When I moved into my current post, I became aware of the homecare company that was being used for HPN services. I remember visiting their premises to meet the staff and was taken by surprise to find the address was just a house on the south side of Glasgow. I was so impressed by the set up and the service they provided. It was amazing compared to the process I had experienced in the neonatal unit. I was then very fortunate to have the opportunity to visit Boston and Toronto and shadow their HPN CNSs while developing the HPN programme in Glasgow. Visiting the North American homecare company premises was like being in one large hospital, with all levels of clinical and administrative staff managing the HPN patients. Homecare nurses carried out training, blood monitoring and reviews, only contacting the patient's hospital nutrition team for advice if any clinical issues arose. Not for a minute did I imagine a set up like this in the UK, but, as we have seen the HPN numbers increase over the years, the homecare companies in UK have now moved into bigger premises, continuing to grow and expand. I can see our HPN homecare services soon mimicking the Boston and Toronto set up.
‘To see patients transition into adult care is evidence of the huge steps made in the world of paediatric parenteral nutrition and intestinal failure’

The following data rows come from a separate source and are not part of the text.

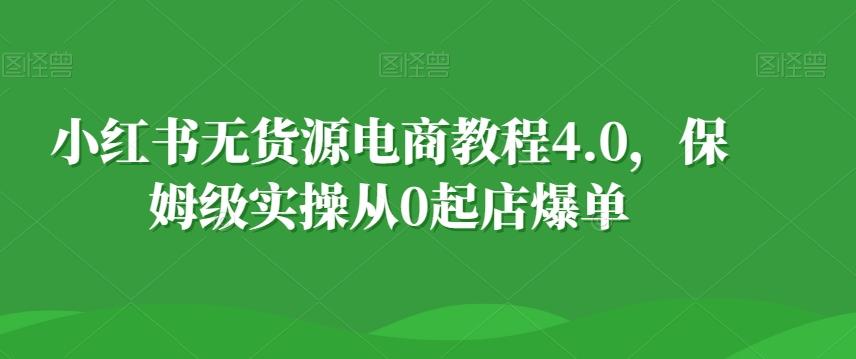 小红书无货源电商教程4.0，保姆级实操从0起店爆单【拆解】-点子口袋网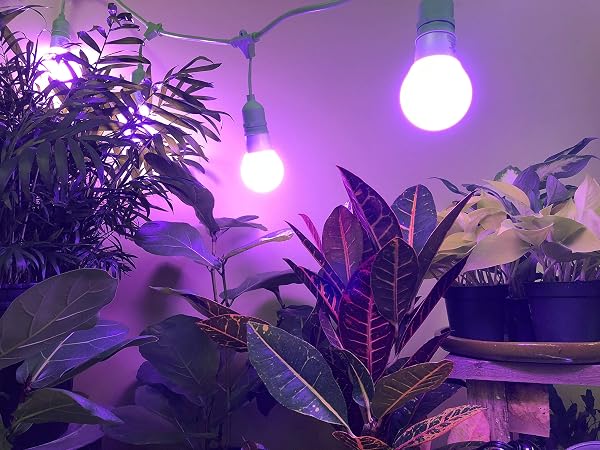 MIRACLE LED KITCHEN GARDENER 3-SOCKET LED GROW LIGHT BULB KIT WITH RED & BLUE SPECTRUM HI-YIELD MULTI-PLANT BULBS REPLACING 150W (6-PACK) 6 3FT CORDS, 18 BULBS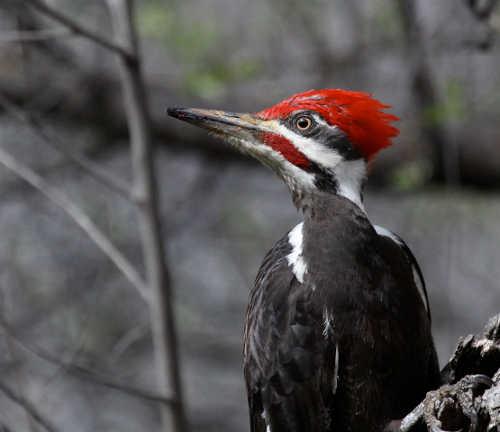 barnwellpileatedwoodpecker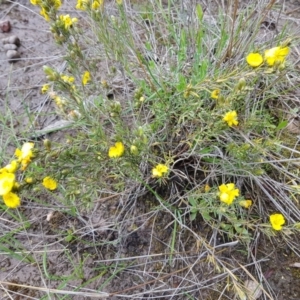 Hibbertia calycina at Molonglo Valley, ACT - 8 Oct 2022 12:13 PM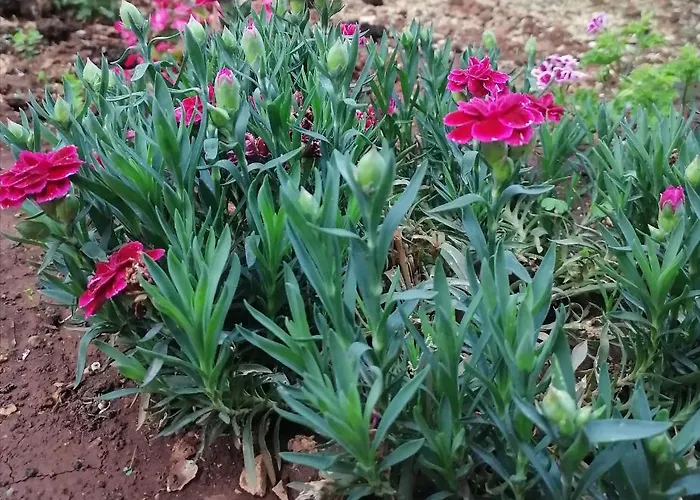 Vedrana Appartamento *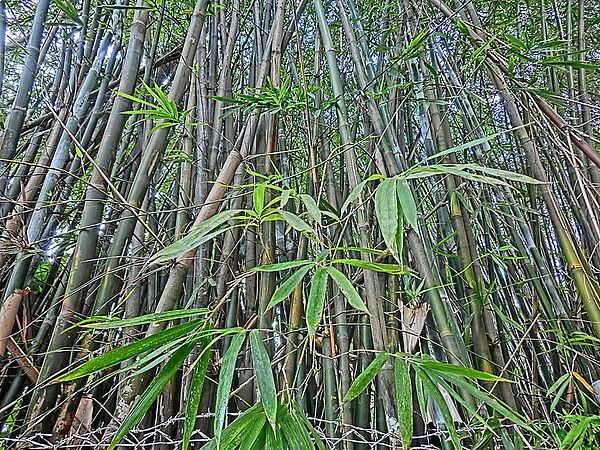 Chinesischer Bambuswald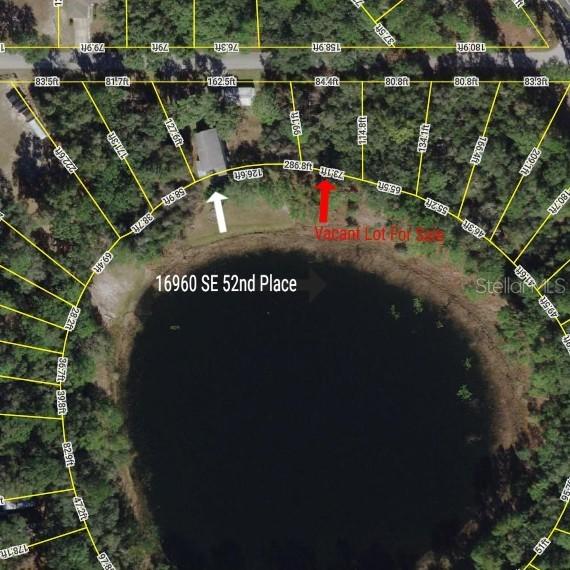 TBD SE 52nd Pl., Ocklawaha, FL 32179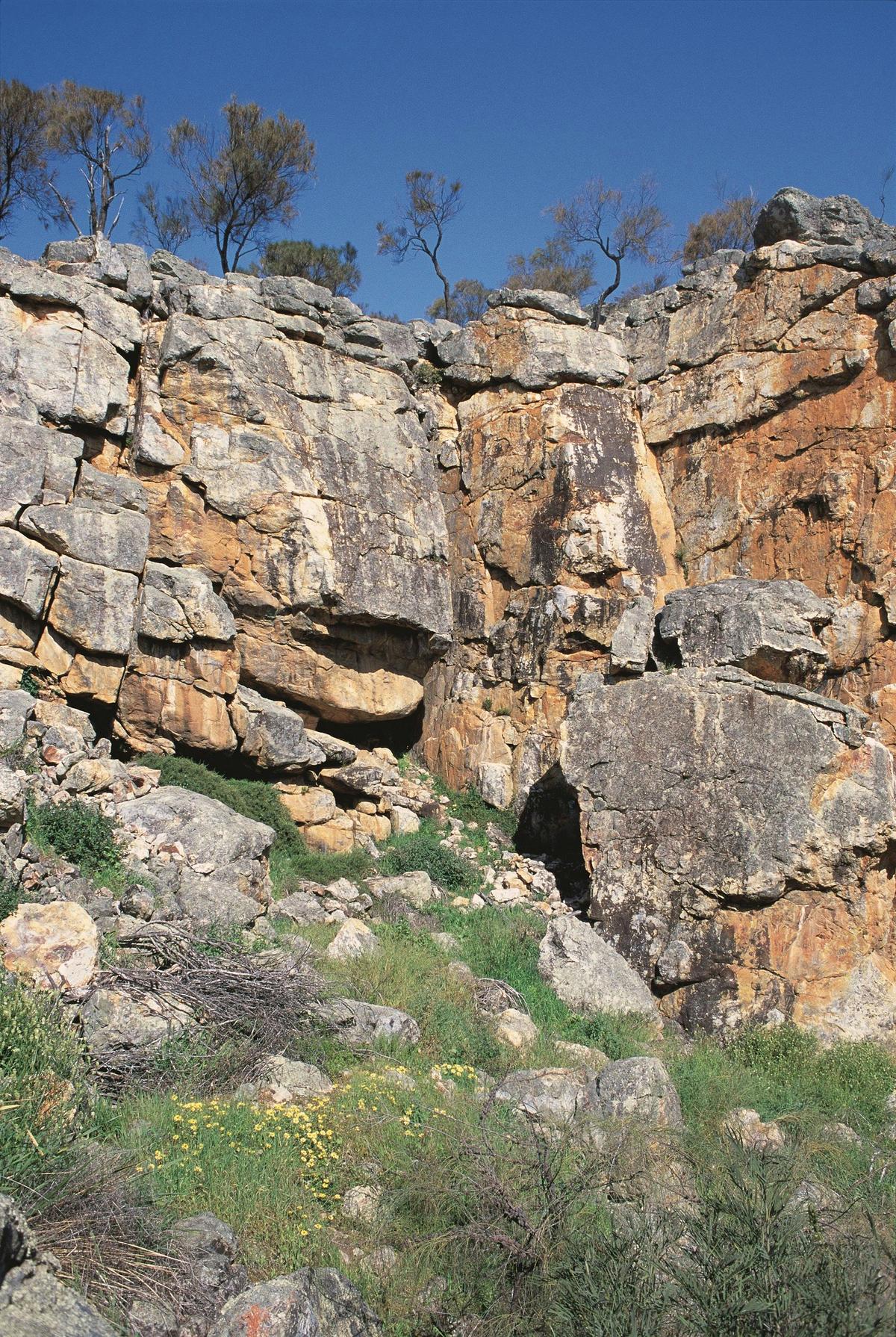 Watheroo National Park, Watheroo, Western Australia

As I was an advisory nurse in the neonatal unit for one of the companies who supplied intravenous infusion pumps to the hospital, I was able to use those contacts to help me to achieve my first objective of helping the three paediatric patients who were already at home on PN, change over onto ambulatory infusion pumps. Although their parents were anxious, it was a life-change for them all, especially as one patient was a teenager who could now go out on his moped in the evening. The adults on HPN soon benefited from this change, too. In the past, families would hardly ever leave home to stay at their granny's house, now they are jetting off to Disneyland in the USA.
Gone is the surgical scrub-up past the elbows that seemed to take forever, gone are the hairnets, gone are the facemasks … that is until the pandemic hit us.
I have had the privilege of being part of many patients' lives. Many have been on PN from birth, and to see these patients, still on their HPN, transition into adult care, is evidence of the huge steps made in the world of paediatric PN and intestinal failure, and of great multidisciplinary team working.
One of the aspects of my career of which I am most proud is being involved in the formation of the National Paediatric Parenteral Nutrition Nurses Group. With representatives from all four nations of the UK, it has become a successful peer supporting group. It is a great networking opportunity for this ‘specialist’ CNS group.
Only until you reflect on what the situation was like 20 years ago, do you realise how paediatric HPN services have grown and changed. HPN patient numbers are not big in comparison to all the other chronic illnesses and expensive home therapies. However, it is one of the groups of patients that take a huge amount of specialist medical and nursing support and time within health boards and trusts. Changes in intestinal failure medical management and surgical techniques, lipid preparations and medications will continue, but those core principles of managing a paediatric patient with a central venous access device on HPN will stay the same.
While it has at times been tough, I have been proud to have been a lead in the Greater Glasgow and Clyde Paediatric HPN programme development.
I like to imagine the future of HPN and smile to myself thinking that, in years to come, as I sit in my care home armchair of an evening, a wee sherry in my hand, I may watch online delivery service drones with PN takeaways crossing the skies to patients' homes!